Andrew Glyntzos (18:11.726)
I think SEO is also, mean, I would, you would be careful with the PBNs in all because I don’t feel like anyone would really do them well. And if Google, I mean, it’s one of those things where, hey, look, if I get four or five links from legitimate sites, is that going to help? mean, whether you call that a PBN, if these sites are building legitimate content and they’re generating legitimate links and they’re not a link farm.
Right. And they’re only linking out a few times and they’re generally only linking to higher authority sites, not just seem to be just linking out to car sites and their garden. You know what mean? So I mean, you could call something like a PBR like that and it would get results. Well, of course it would, because what are they doing differently if they’re generating high quality links themselves, they’re producing high quality content, they’re user centric first and they just got this advertising part of their business to help them generate income.
Rye Smith – Spruik Digital (18:47.454)
Yeah
Andrew Glyntzos (19:04.91)
Well, how does Google know what a sponsored link looks like if it’s not even written as sponsored? So how will they know? But you’ve got to be careful because when you say PBN in Australia, people are going to start looking at what a PBN has traditionally been.
Rye Smith – Spruik Digital (19:08.466)
Yep, bingo. Yep, correct. Yeah. And I, yeah.
Rye Smith – Spruik Digital (19:22.026)
I think my definition of PBN is group of sites where you can grab some nice links from it. I just don’t think it’s done really well in Australia. You remember how they used to be magazine groups? So, know, again, the death of the magazine, but 15 years ago, you’d have APC, who would actually own, you know, they’d have a PC magazine, they’d have Women’s Weekly, they’d have all these different sort of, you know, categories or your interest groups.

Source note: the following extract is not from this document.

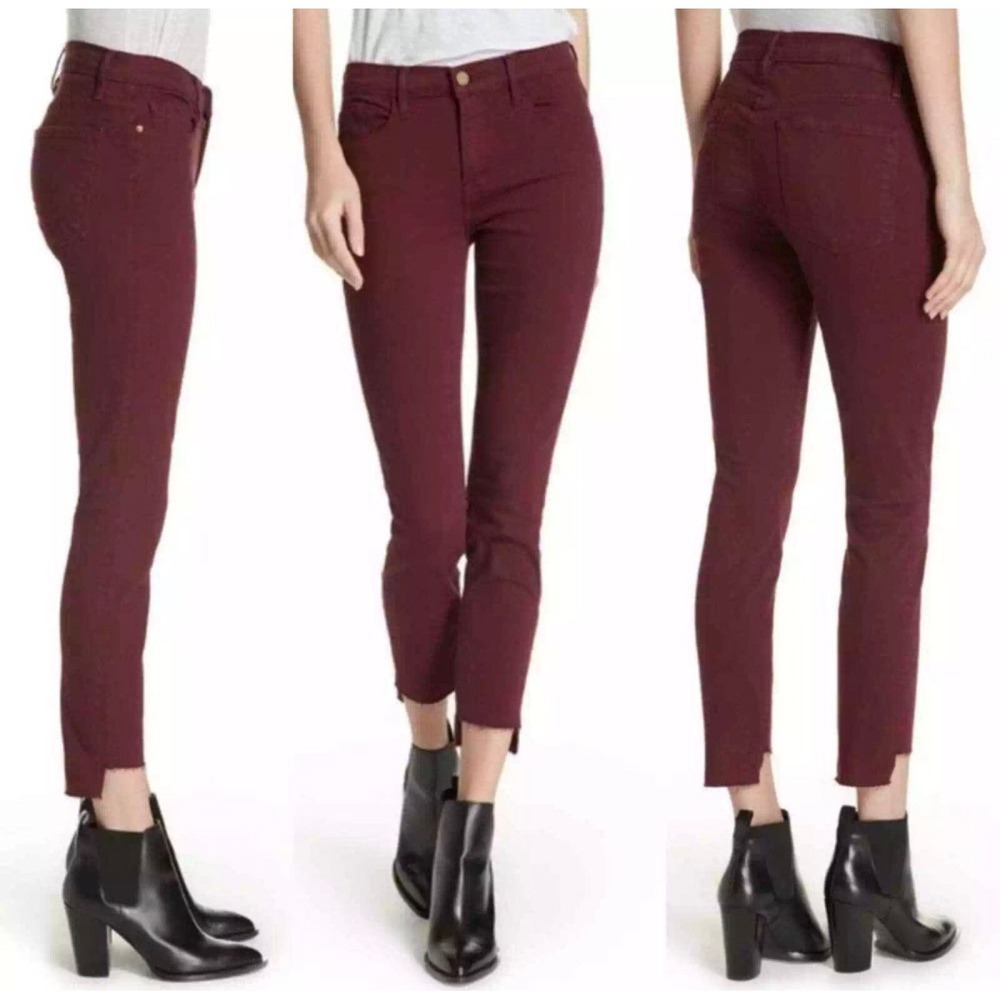Frame Denim Le Skinny de Jeanne Step‎ Hem Pinot Burgundy Jeans Size 29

you don’t outside again outside of the major media players who you know have everything on their sub domain. I think that’s a massive opportunity for you know a media group or an agency to actually spin up hey let’s let’s put out some really good content and let’s actually use that as a bit of a back linking sort of place.

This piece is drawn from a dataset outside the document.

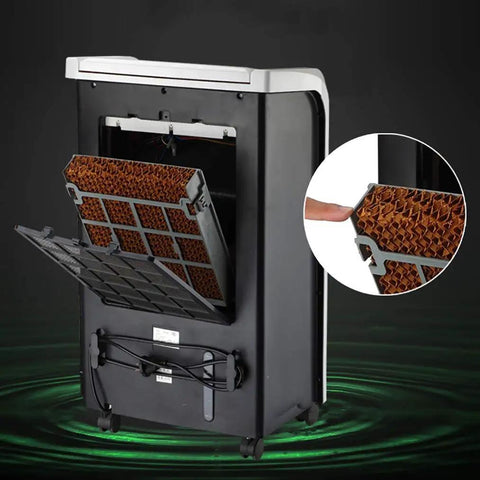 Compact Portable Evaporative Air Cooler With Quiet Swamp Cooling For Home Office humidifier with filter compartment opened.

Andrew Glyntzos (19:52.92)
Mm.
Andrew Glyntzos (20:04.182)
I mean, if you’re having a look at like, they’re doing it in the fashion space. So you will have obviously like a group of syndication of sites and they will come and approach me and my clients and say, hey, look, are you interested in advertising? Here’s our like five or six sites. It will charge like 25 grand. And basically we’ll put your link in an article, we follow blah, blah, But I’m like, but.
Here’s the thing, right, if you have a look like, cause I do so much work in competitive niches, like jewellery, it’s never gonna be enough because you still have link velocity as a metric. Okay? And if you start dealing with,
bigger client, like you look at Michael Hill, for example, or Prouds, or they get links naturally at a certain velocity, although not always relevant in terms, it could be from Westfields or it could be, know, but they’re getting a link at a velocity rate, okay, because of just who they are. And so with like, with our fun with these super competitive niches, velocities is as important as where the links actually coming from themselves.
And the only way you’re going to get a velocity is you’ve got to look also a little bit beyond SEO and start thinking also business and marketing and diversifying the channels a little too, right? I think the days of like if you’re in competitive niches like jewellery, like a fashion, I would have every day of the week, give me a site with a massively strong social media profile and I’ll transform that brand on SEO.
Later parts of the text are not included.